A Numerical Model for Miscible Displacement of Multi-Component Reactive Species
Abstract
The study of unstable miscible displacement of chemical species is an important process for many environmental and reservoir engineering applications. A new coupled saturated porous media flow and reactive transport numerical model: RTAFF, has been developed for the assessment and analysis of complex feedback loops between physical transport, geochemistry, and fluid flows in such environments. The model accounts for changes of flowing phase mobility upon viscosity of individual species in the aqueous solution, and field permeability attributed mainly to mineral precipitation-dissolution reactions.
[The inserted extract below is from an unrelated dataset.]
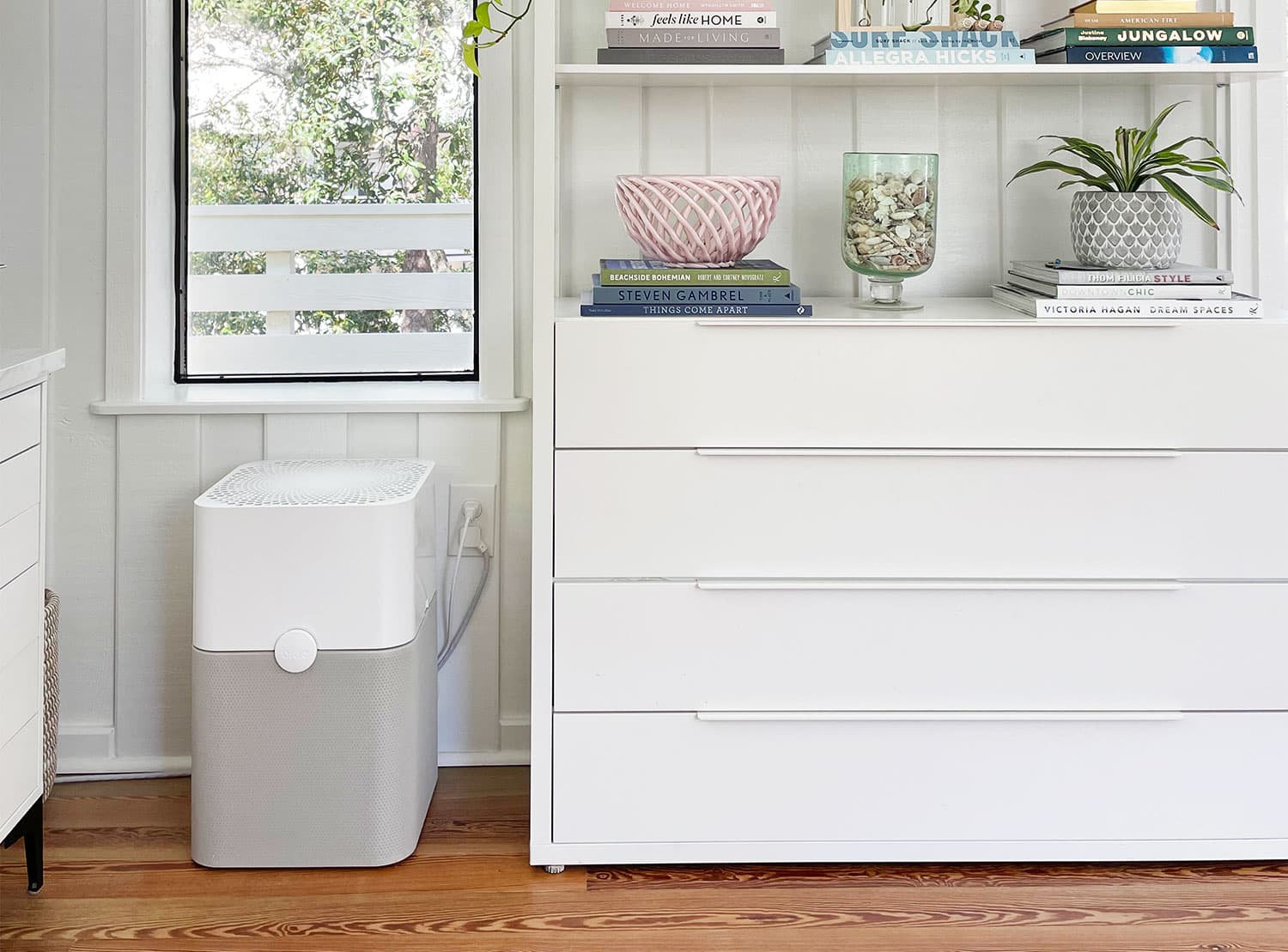 Air purifier young house cheap love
An operator splitting framework sequentially couples a mixed-hybrid finite element flow model on quadrilateral/hexahedral grids, with a mass conservative advective-dispersive-reactive (ADR) model able to handle a full range of homogeneous and heterogeneous reactions, using a mixed kinetic equilibrium approach. The multi-component species ADR simulator workflow involves a time-split procedure adapted for each single process solver, thus advection and dispersion operators are also solved independently using other specialized computer models. Example applications are presented in one, and two space dimensions, showing the effectiveness of the numerical model for practical environmental applications. First results demonstrate the accuracy, efficiency and robustness of our approach. Therefore, the model may prove useful for many practical applications.